FB: The potential knock on effect of the collapse of Lehman brothers forced clients to rethink who they were banking with and to become a lot more conscious of what we call counterparty risk. We've seen banks suddenly downgraded a number of notches by the credit ratings agencies. Some commercial banks, of which BNP Paribas is a good example, have benefited from there being fewer actors for the clients to engage with. We've managed to weather this crisis with our double-A credit rating in tact. Today that's an immense luxury and a huge differentiator when it comes to attracting business.

How did the bank manage to keep its credit rating so high?

FB: The big difference between commercial banks like BNP Paribas and the investment banks is that we have less concentration in the pure corporate investment banking business. BNP Paribas has more than 200,000 employees in 88 countries. So it's very large. It's involved in retail banking, asset management services, corporate investment as well as consumer finance. I think the crisis showed that institutions with diverse revenue streams and large cushions of cash from retail clients are the strongest during financial storms.

EA: We didn't put all our eggs in one basket and we tried to stay away from the bad baskets. We did a fairly good job at avoiding the bad baskets.

Is the FX market going to get more competitive?

EA: There will be an increase in competition because a lot of people noticed FX was one of the most resilient businesses. At the same time a lot of competitors have been weakened. Perhaps they've had major losses, the government may own part of their stock, maybe the management are unable to focus as much on competing in this market as they had in the past. So we think there's an opportunity for us and we're expanding aggressively in FX. This year we're hiring in certain areas. In particular, we're expanding our real money sales force, which deals with insurance companies or pension funds. Some of these clients were overbanked in the past. Everyone was dying to do business with them. Now a lot of our competitors have gone and clients realise they can't only use one bank. It's always better to have two or three counterparties. BNP Paribas has a very strong balance sheet. They want us and we need them. So we're expanding our sales force to focus on that kind of client.

FB: Our sales force is meant to register some 200 additions over the next two years across all the asset products and geographies. 15 percent of that will be in FX. That doesn't include the natural turnover of people. We want to increase the ratio of sales to traders because our business model is centred around the client. We're not in the business of building huge proprietary positions and hoping the markets go our way. We want to be there for the long term. We want to build our brands, our relationship with clients. To do this we need more people.

Do you think it's a good time for graduates to go into FX?

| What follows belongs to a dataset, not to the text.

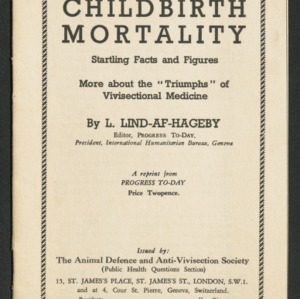 Childbirth mortality: startling facts and figures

FB: I meet quite a few graduates every year. I must say it's been hard to convince them that, although it's been through a bad crisis, the financial industry is here to stay. The system's been cleaned up. Excesses have been identified and wiped out. Some institutions have emerged from the crisis a lot stronger than they were before. Finance is an extremely agile and rapidly evolving industry. So, yes, it's a good time because we're at the beginning of a new cycle, which I feel is going to be a bullish one for the industry.

EA: And people will always need to trade foreign exchange.